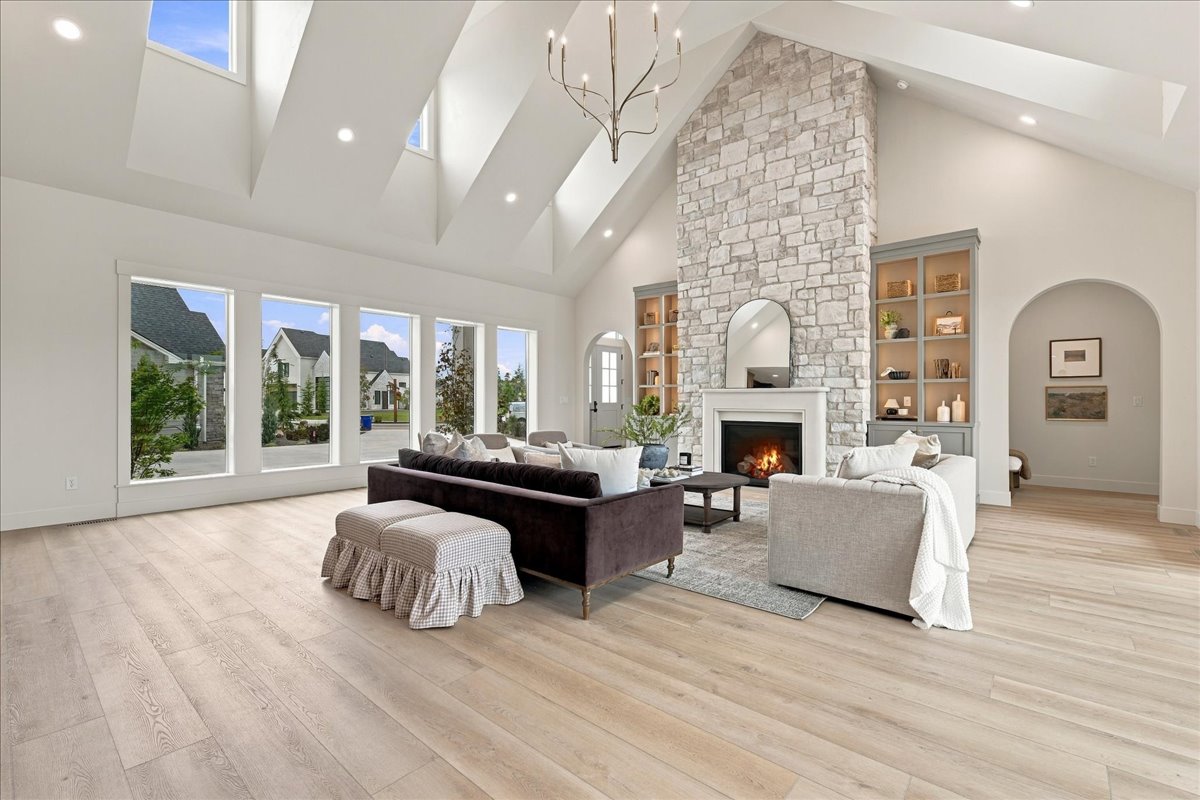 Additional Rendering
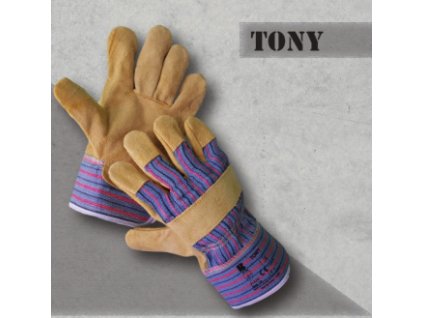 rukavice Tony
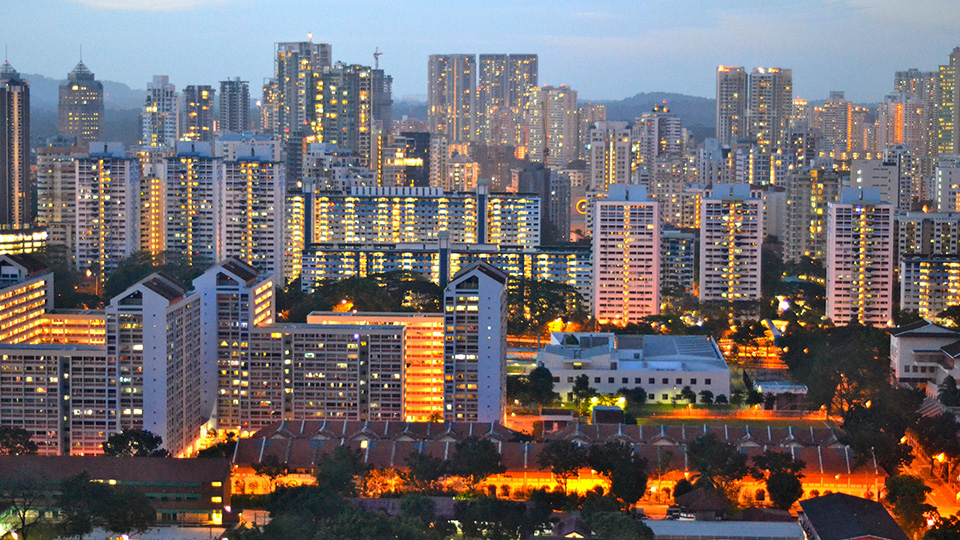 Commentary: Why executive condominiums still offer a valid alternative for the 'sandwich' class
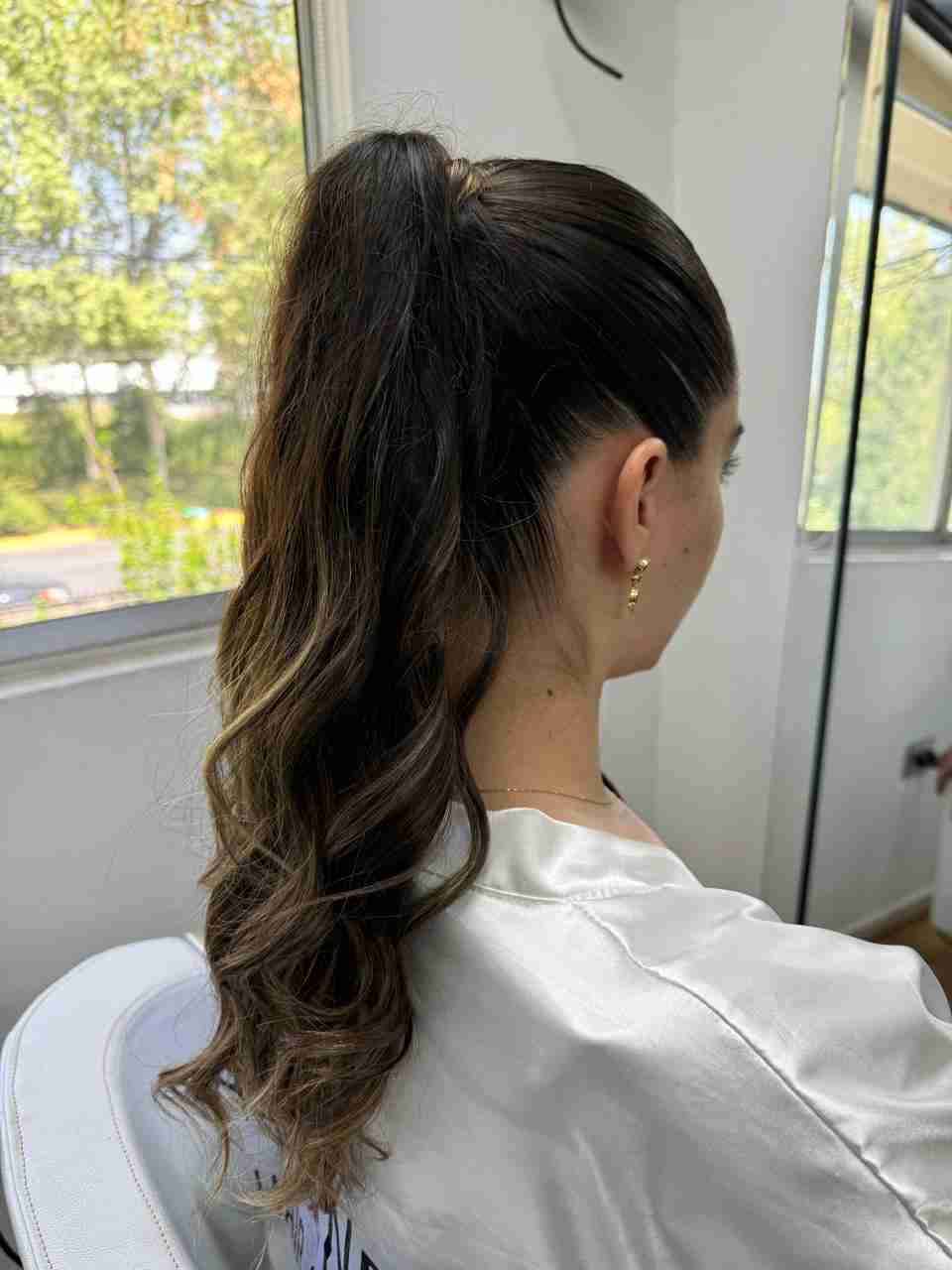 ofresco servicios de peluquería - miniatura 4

▶ _Your objective_:
Return the complete material above exactly, with no picture.

▶ _Expected answer_:
 Additional Rendering
 rukavice Tony
 Commentary: Why executive condominiums still offer a valid alternative for the 'sandwich' class
 ofresco servicios de peluquería - miniatura 4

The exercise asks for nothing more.